> _WHAT THE EXERCISE ASKS_: Nothing but the lines from the one containing "Ryan Gravenberch Liverpool" through the one containing "zwart shirt met", both included, should be given again, each exactly as written below.

> _PROVIDED ENTRIES_:
|---|

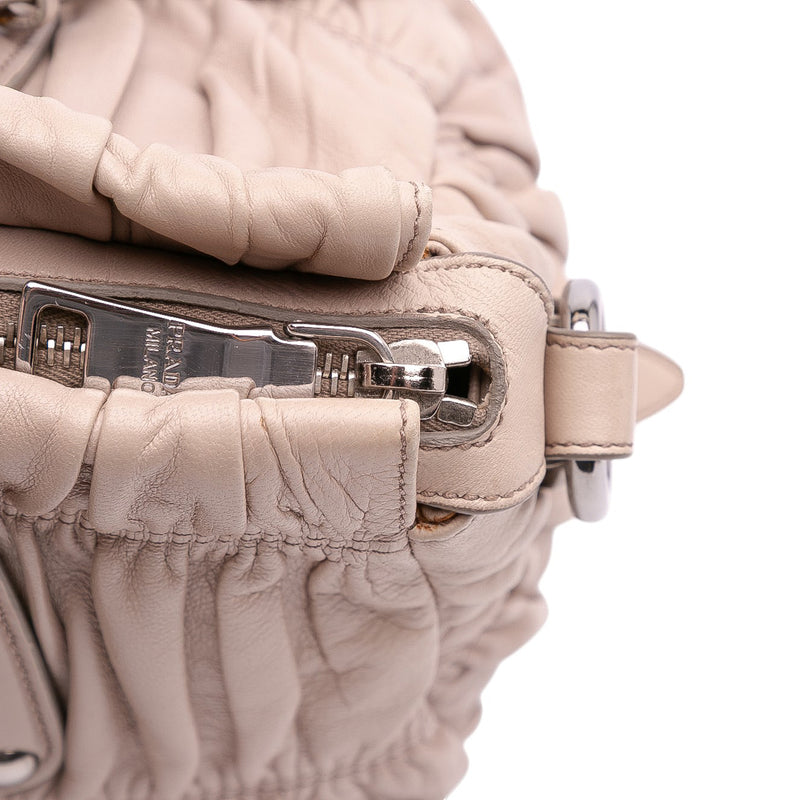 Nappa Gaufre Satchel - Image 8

|---|

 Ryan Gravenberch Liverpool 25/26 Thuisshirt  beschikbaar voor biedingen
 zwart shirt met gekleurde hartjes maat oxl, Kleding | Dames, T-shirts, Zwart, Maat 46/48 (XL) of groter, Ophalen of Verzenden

|---|

> _REPLY TO THE TASK_:
 Ryan Gravenberch Liverpool 25/26 Thuisshirt  beschikbaar voor biedingen
 zwart shirt met gekleurde hartjes maat oxl, Kleding | Dames, T-shirts, Zwart, Maat 46/48 (XL) of groter, Ophalen of Verzenden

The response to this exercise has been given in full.